The fact is, for this author, the first covenant is viewed as the Jews view it, as these readers are being tempted to view it, that is, as a system of ceremonies that, if faithfully observed, will take a person to heaven. That system is near to being destroyed. It would be utterly destroyed in A.D. 70, only a few years at most after Hebrews was written. There would be no more priesthood, no more sacrifice, no more temple. That Mosaic ritualism was not the true faith or covenant of Moses, of course, any more than Roman Catholic views and practices of baptism and the Mass are the true faith of Christ and his apostles. But it was what Judaism had made of the religion of Moses in the first century. And it was this view of salvation through ritual that was tempting the Jewish Christians to which Hebrews was first sent.
The problem with the first covenant was that it was broken. But the gospel can be broken again in our day and has been many times.
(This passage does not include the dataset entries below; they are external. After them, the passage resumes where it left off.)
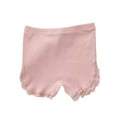 thumbnail image 1 of Bxsruta Toddler Girl Shorts, Child's Summer Girls Baby Leggings Three Part Casual Pants Elastic Pants Shorts for Small and Medium-Sized Shildren's Outerwear Pants, Pink 4 Years, 1 of 7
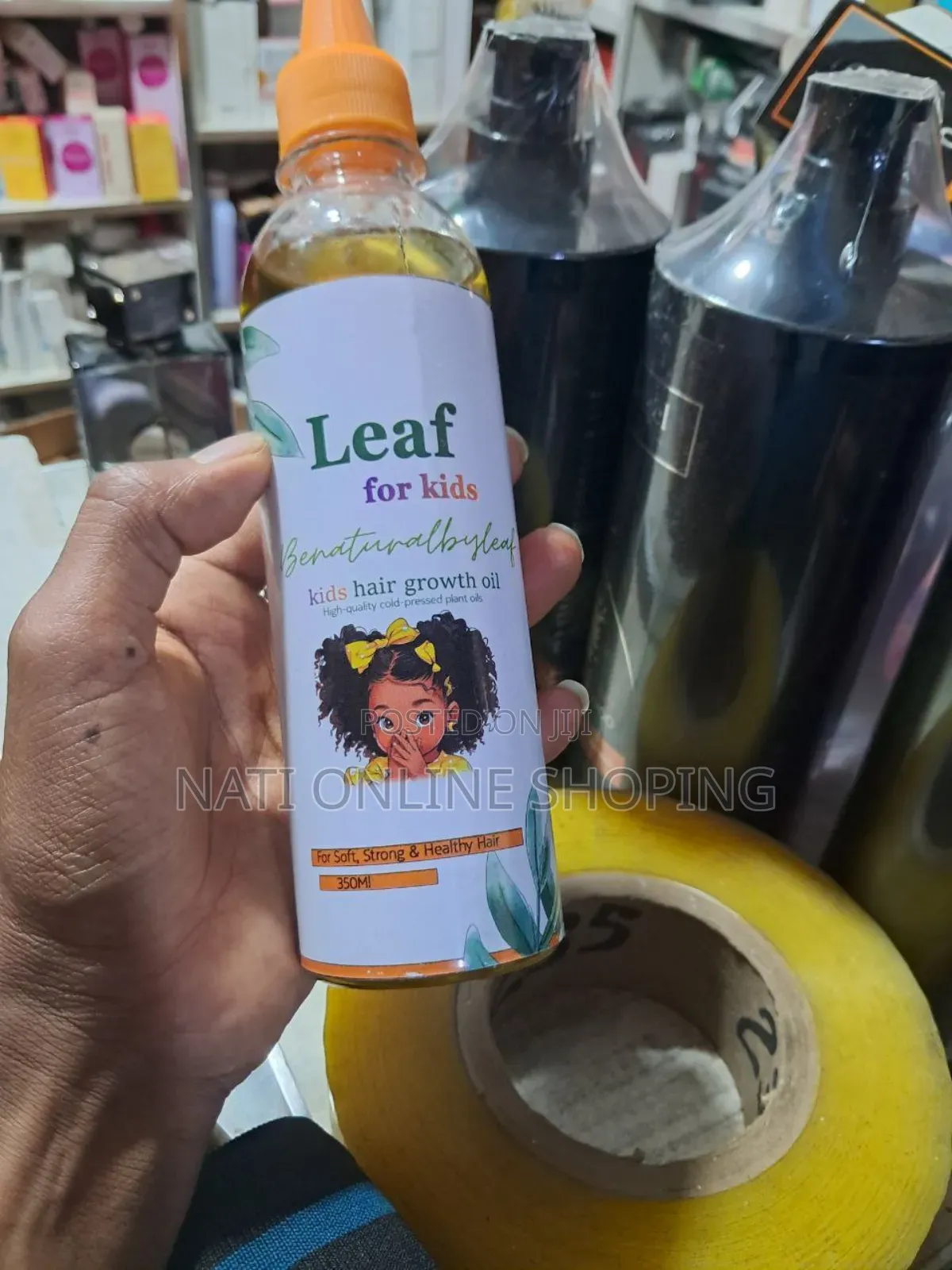 Leaf Fir Kids Hair Oil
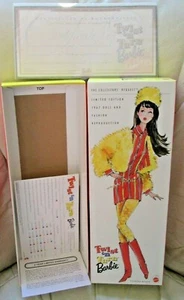 NUEVO *BARBIE*~"TWIST`N TURN"~REPRO CAJA VACÍA-PAPELES+CERTIFICADO DE AUTENTICIDAD~1967Muñeca+Moda~CAJA COMO NUEVA - Imagen 1 de 6
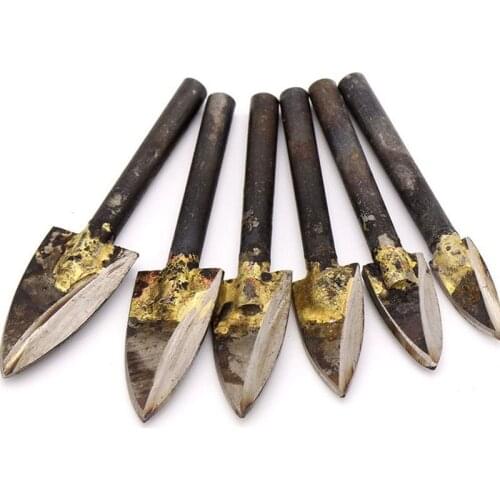 UAN 6mm Shank Woodworking Carving Knife Milling Cutter Welding Knife Head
And without living faith the gospel will be corrupted into some external system as surely as it was in the days of Israel and Judaism whether that corruption take the form of ritualism as in Roman Catholicism or other such versions of Christianity or merely some form of moralistic legalism, some do-goodism as is so common in liberal Protestant Christianity.
Here me, he says. You know it isn’t enough to be an Israelite. You know it isn’t enough to go through ritual motions according to the ancient laws of Moses. You know that won’t get you to the rest of God. It didn’t even get the wilderness generation into that rest. You know it because Jeremiah tells us, straight out, that Mosaic covenant or no, God turned away from those people and did not forgive their sins. He said that he would make a new covenant with his people and, in saying that, as much as said that the covenant he made with that wilderness generation, the covenant they broke, wouldn’t get them to heaven. So, take the point. What is required is not to be like Israel in the wilderness. That will take you to hell, not heaven. What is required is true and living and persevering faith in Christ, the eternal priest who offered an infinite sacrifice and is able to make perfect those who draw near to God through him.